"Grab the shovel, honey! It's time to find the filing cabinet!"
Thus rings the refrain in households across the nation as tax season approaches. Huge stashes of old, paid bills, expired life insurance policies, receipts for broken toys, and cancelled checks for haircuts you got in college -- sound like your filing system? In addition to being a fire hazard, the blizzard of paper only buries the stuff you really do need to find. Particularly come April.
Grab a Hefty bag and start tossing. Here's a list of trash-worthy documents:
Paid bills: After you check them for accuracy and settle up, go ahead and toss your old bills.
Pay stubs: If you are applying for a mortgage, you might need two or three stubs to prove you haven't been fired. Your end-of-the year pay stub is handy to have, too.
Advertising inserts: Trash. Particularly those offers for overpriced or needless services that come in your credit card statement.
Warranties, manuals, repair records, receipts: Electronics tend to come with a file cabinet worth of paper. When you open the box, weed through it and find what you really need. (Directions in French are really only useful to the French, for example.) Once you sell or break your little treasure, send the sheath of manuals with it.
What to keep? Here's a bare-bones rundown:
Current insurance policies: If your policy has expired, toss the related paperwork (so long as no claims are outstanding). As for your current policies, you can get rid of the bills themselves and the offers to expand your coverage. Just keep the policies themselves and any modifications made to them.
Bank statementsand cancelled checks: Keep them for seven years -- three if you like to skate close to the edge.
Brokerage statements: Everyone, including brokers and the SEC, says to keep brokerage statements forever, and that's undoubtedly the safe route. But, honestly, if you are sure the records that your broker has sent you are correct, the chances you'll need your own paper records to prove something are pretty slim. For taxable accounts all you really need to keep are the trade confirmation slips and notices of stock splits, mergers, and buyouts (but the monthly statements work as a nice backup if you lose one). When you sell a stock, simply match the buy slip with the sell slip and keep them with your tax records for the year you sold the stock. Year-end brokerage statements will have dividend and interest information that you will need for your taxes.
You aren't required to keep records for IRA accounts. There is one exception: You need to track any contributions (not earnings, just money you deposited to the account) that were not deducted from your taxes. That means all contributions to a Roth IRA and any contributions to a traditional IRA that were made with after-tax money. These contributions aren't taxed when you withdraw them (and Roth contributions can even be withdrawn prior to retirement), but you have to be able to show that you already paid taxes on that money.
Terms and conditions for credit card accounts: Those mini booklets in even mini-er type are loan documents. Keep the most current ones and toss the old. Your monthly statements can be tossed as soon as you reconcile, but if your lender does not provide a yearly account activity summary, then they may be nice to have for budgeting purposes. Even better, download your statements into a financial program such as Quicken or Microsoft Money and regularly back up your files.
Terms and conditions for other loans: Keep your current mortgage and car loan paperwork. And if you sell or pay it off, keep confirmation of this activity for at least a year or so, particularly until you receive clear title to a vehicle or piece of real estate.
Tax records: You are required by law to keep tax records for three years, and most experts recommend seven. The easiest way to comply is to put all your tax forms, W-2s, stock trade confirmations, and the receipts for all deductions into a 9-by-12 envelope with the date written in a Sharpie on the outside.

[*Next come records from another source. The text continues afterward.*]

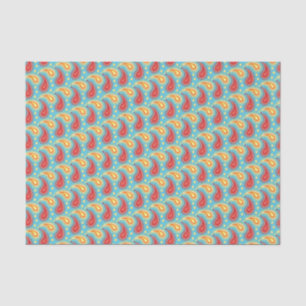 Papier Mousseline Oriental Turquoise Orange Perse Motif Paisley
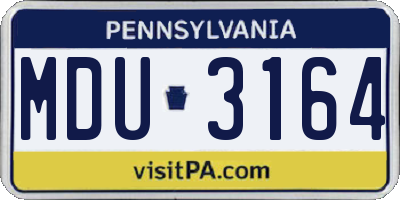 PA license plate MDU3164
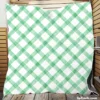 Frog Green Gingham Cross Quilt Blanket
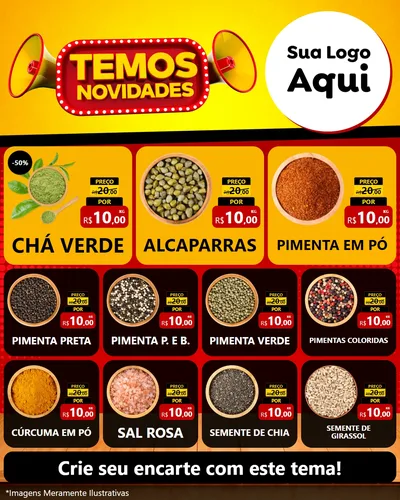 Modelo de Rede Social para Feed Instagram com o tema Temos Novidades para Produtos Naturais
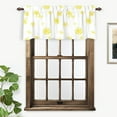 thumbnail image 4 of DriftAway Dandelion Floral Flower Lined Thermal Insulated Energy Saving Window Curtain Valance for Living Room/Bedroom/ Kitchen/Kids, 2 Layer, Rod Pocket, 52"x18"+2”Header (Yellow), 4 of 6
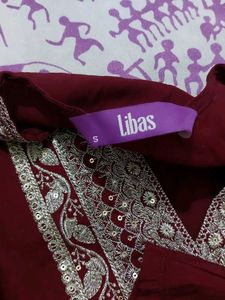 Elegant Maroon Kurta with Embellished Neckline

Real estate records: Although the laws have been liberalized on capital gains for house sales, you may still need to track the cost basis for your home (or series of homes). Keep real estate transactions (buys and sells) for each house and receipts for any large capital improvements you make (e.g. a deck, an addition, or major landscaping). Keep these records for all houses since your cost basis goes back to your first house purchase. For your current house, keep pre-purchase inspection reports in case the inspector missed anything.
Personal papers: Keep your birth certificate, medical records, marriage certificate, divorce settlement, and will. (Don't forget about a living will and durable power of attorney.)
Receiptsfor major purchases: If you ever need to file an insurance claim on a big-ticket item, you'll be glad you kept the receipt. Don't go hog wild holding onto every outrageous dry cleaning bill, though. Think jewelry, furniture, art and plasma TVs. Should flood, hungry termites or fire sweep through, these will help you prove how cool your stuff was to the insurance company.
Speaking of fire, a fireproof file holder or safe deposit box is the best place for your most important papers.